#### [Your instructions]
Your task is to restate word for word the lines in the material below, from the one with "Zegyo Markt/Mandalay - Myanmar" up to and including the one with "Basement kitchen area". Do not carry over the pictures.

#### [Given entries]
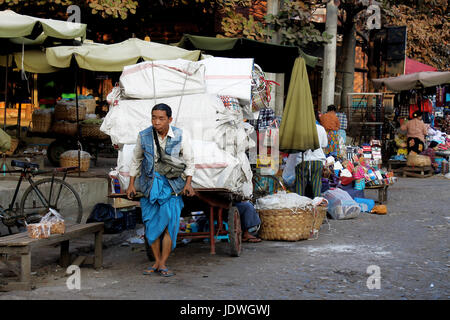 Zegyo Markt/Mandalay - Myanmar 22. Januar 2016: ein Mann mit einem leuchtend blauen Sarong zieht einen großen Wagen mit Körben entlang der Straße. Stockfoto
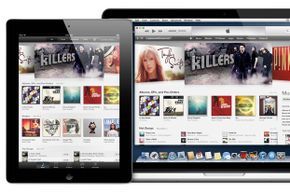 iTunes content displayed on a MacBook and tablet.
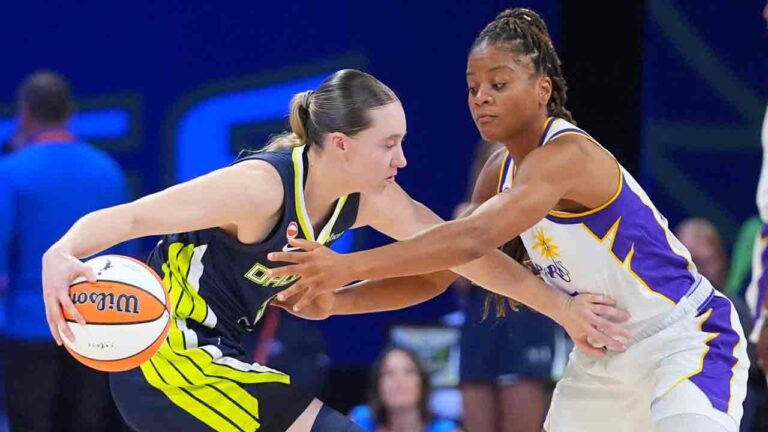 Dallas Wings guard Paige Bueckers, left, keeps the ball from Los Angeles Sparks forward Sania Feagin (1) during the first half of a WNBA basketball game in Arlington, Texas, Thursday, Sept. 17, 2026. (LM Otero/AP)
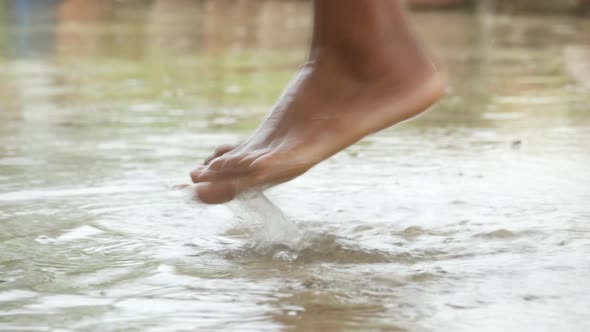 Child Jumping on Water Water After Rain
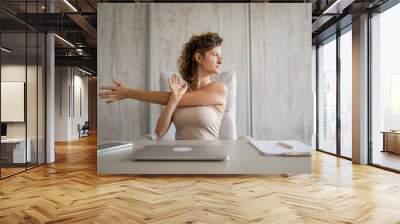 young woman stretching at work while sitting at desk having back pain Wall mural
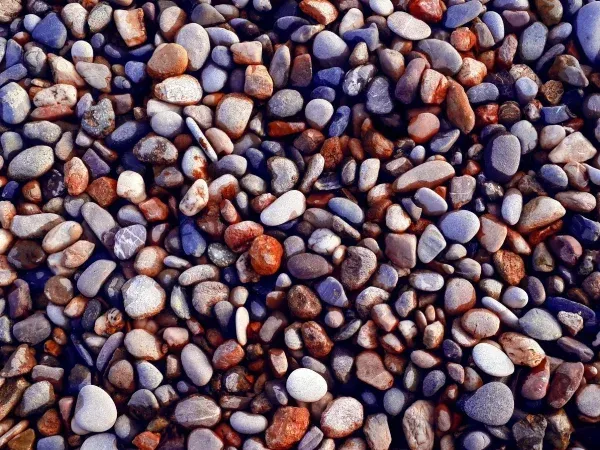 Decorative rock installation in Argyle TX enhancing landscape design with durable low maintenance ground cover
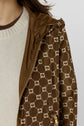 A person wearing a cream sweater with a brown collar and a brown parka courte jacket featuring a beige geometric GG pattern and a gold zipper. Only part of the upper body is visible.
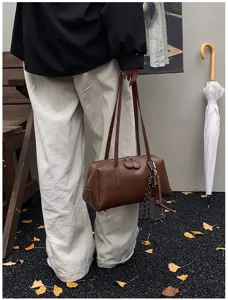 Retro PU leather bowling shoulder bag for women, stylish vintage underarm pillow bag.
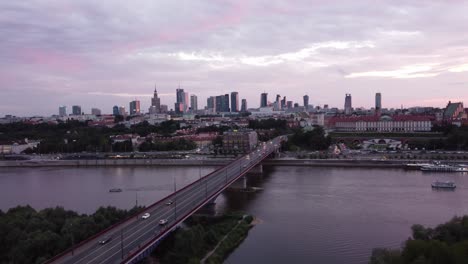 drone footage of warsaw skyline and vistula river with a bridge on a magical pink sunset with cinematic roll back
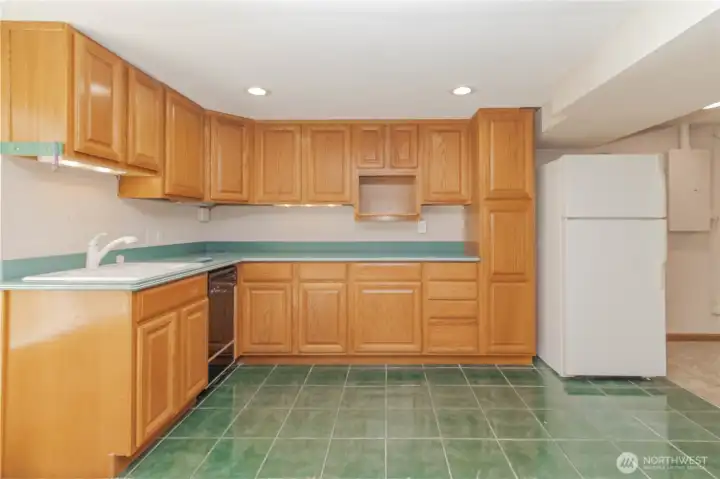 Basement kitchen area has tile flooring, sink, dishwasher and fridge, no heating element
...
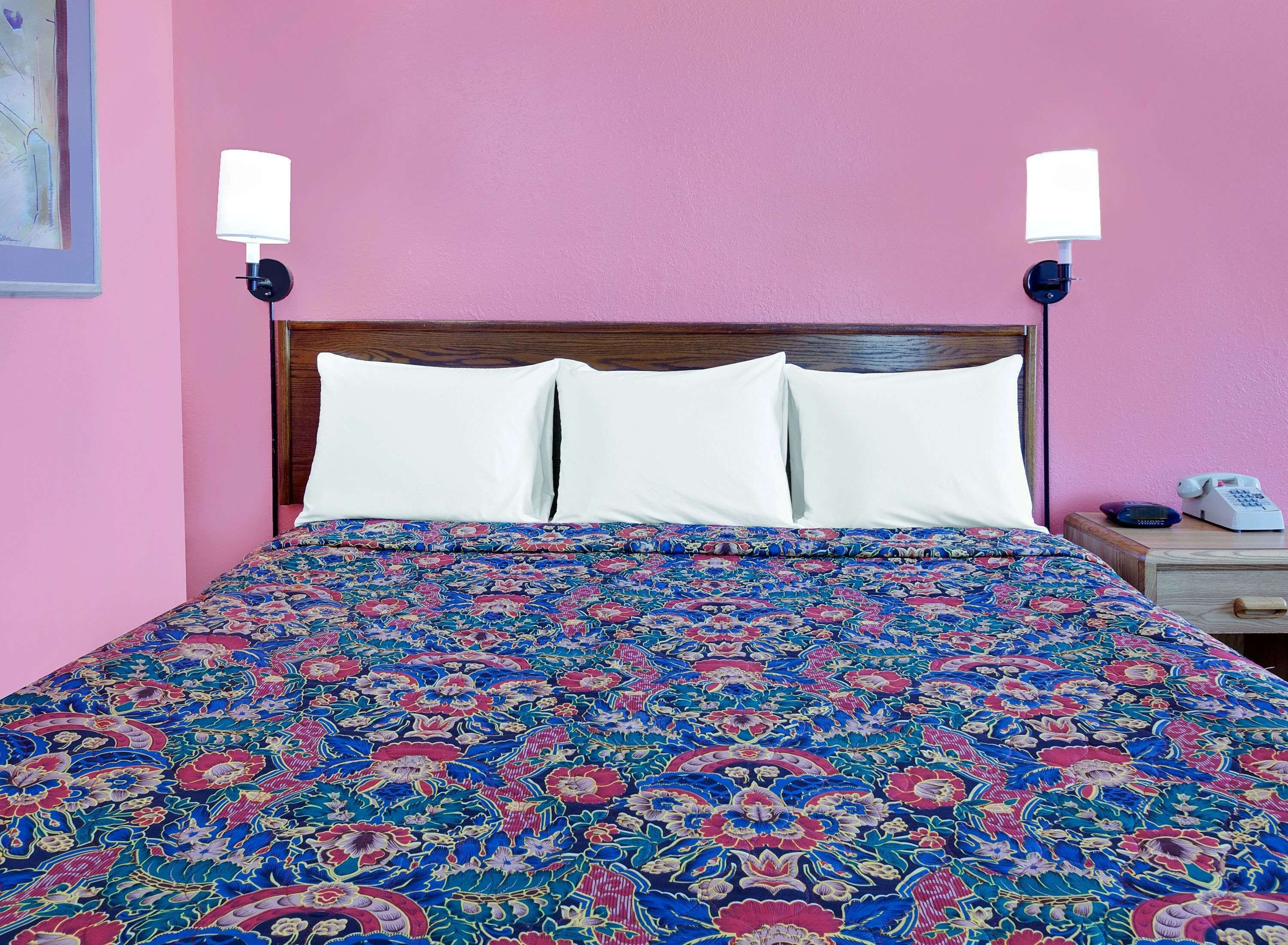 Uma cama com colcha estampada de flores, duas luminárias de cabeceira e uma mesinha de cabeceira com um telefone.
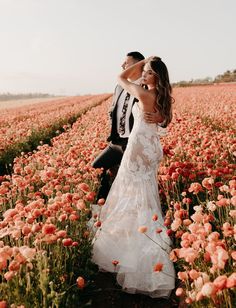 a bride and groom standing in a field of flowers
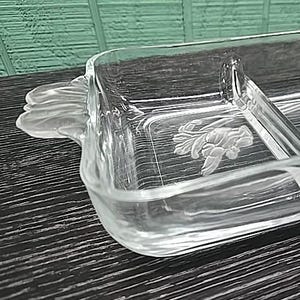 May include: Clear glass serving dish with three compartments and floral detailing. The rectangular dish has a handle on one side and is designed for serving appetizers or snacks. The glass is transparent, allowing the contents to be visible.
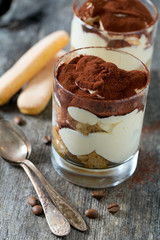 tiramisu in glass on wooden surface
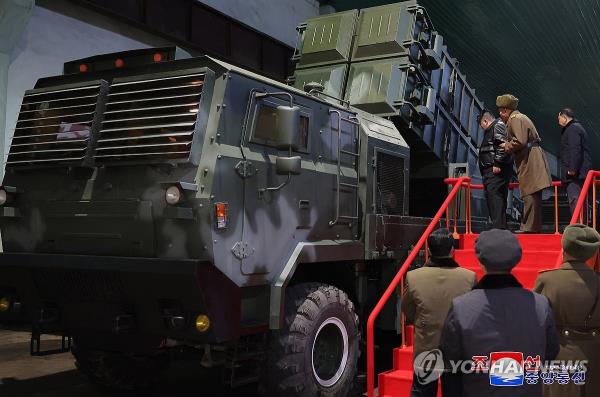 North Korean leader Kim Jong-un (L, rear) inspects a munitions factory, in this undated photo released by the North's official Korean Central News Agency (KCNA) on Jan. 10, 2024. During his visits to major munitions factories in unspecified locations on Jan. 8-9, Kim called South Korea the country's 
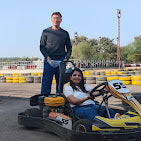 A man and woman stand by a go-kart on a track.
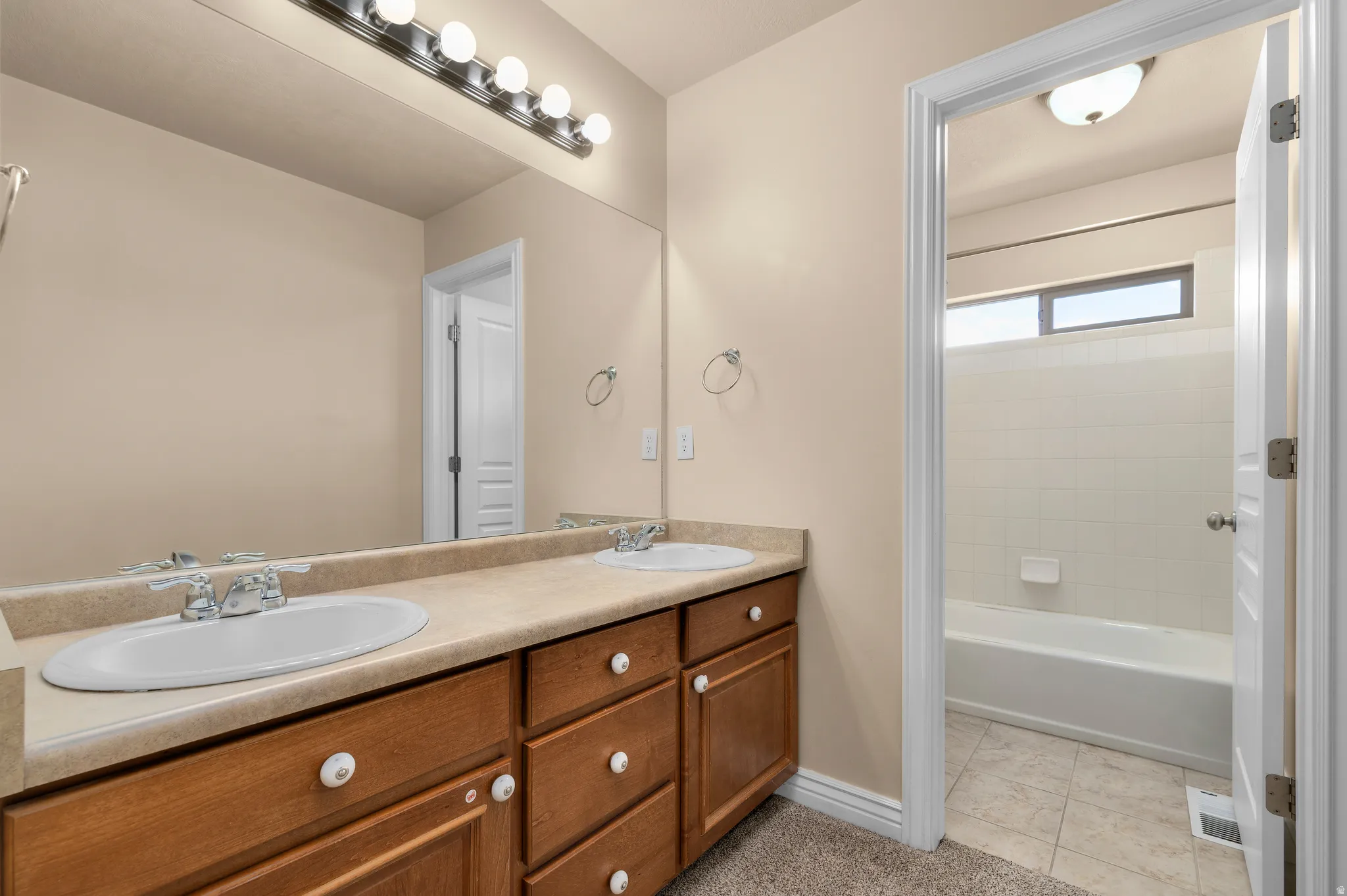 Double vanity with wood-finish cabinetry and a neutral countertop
...
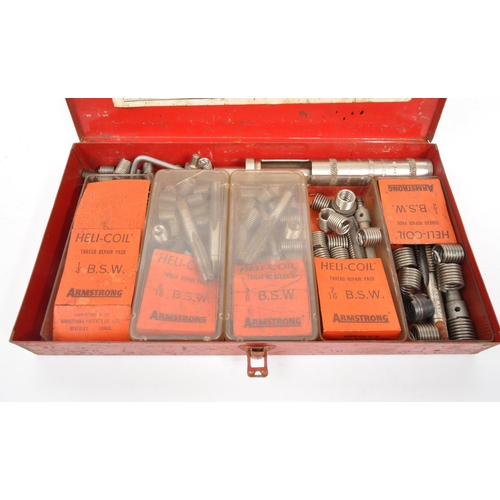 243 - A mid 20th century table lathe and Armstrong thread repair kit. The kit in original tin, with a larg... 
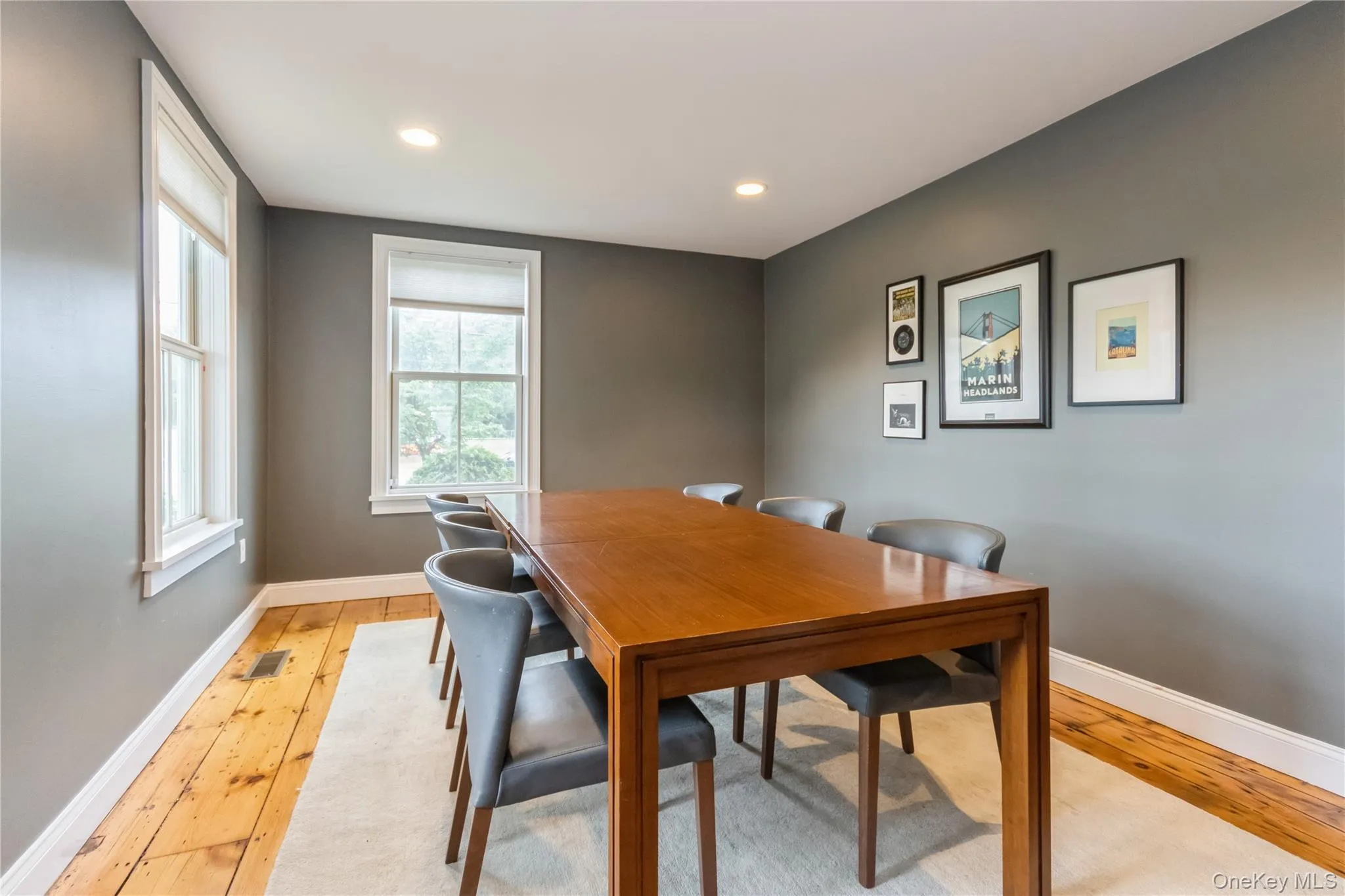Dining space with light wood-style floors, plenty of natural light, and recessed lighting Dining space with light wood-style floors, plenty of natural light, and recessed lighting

#### [Answer to this exercise]
 Zegyo Markt/Mandalay - Myanmar 22. Januar 2016: ein Mann mit einem leuchtend blauen Sarong zieht einen großen Wagen mit Körben entlang der Straße. Stockfoto
 iTunes content displayed on a MacBook and tablet.
 Dallas Wings guard Paige Bueckers, left, keeps the ball from Los Angeles Sparks forward Sania Feagin (1) during the first half of a WNBA basketball game in Arlington, Texas, Thursday, Sept. 17, 2026. (LM Otero/AP)
 Child Jumping on Water Water After Rain
 young woman stretching at work while sitting at desk having back pain Wall mural
 Decorative rock installation in Argyle TX enhancing landscape design with durable low maintenance ground cover
 A person wearing a cream sweater with a brown collar and a brown parka courte jacket featuring a beige geometric GG pattern and a gold zipper. Only part of the upper body is visible.
 Retro PU leather bowling shoulder bag for women, stylish vintage underarm pillow bag.
 drone footage of warsaw skyline and vistula river with a bridge on a magical pink sunset with cinematic roll back
 Basement kitchen area has tile flooring, sink, dishwasher and fridge, no heating element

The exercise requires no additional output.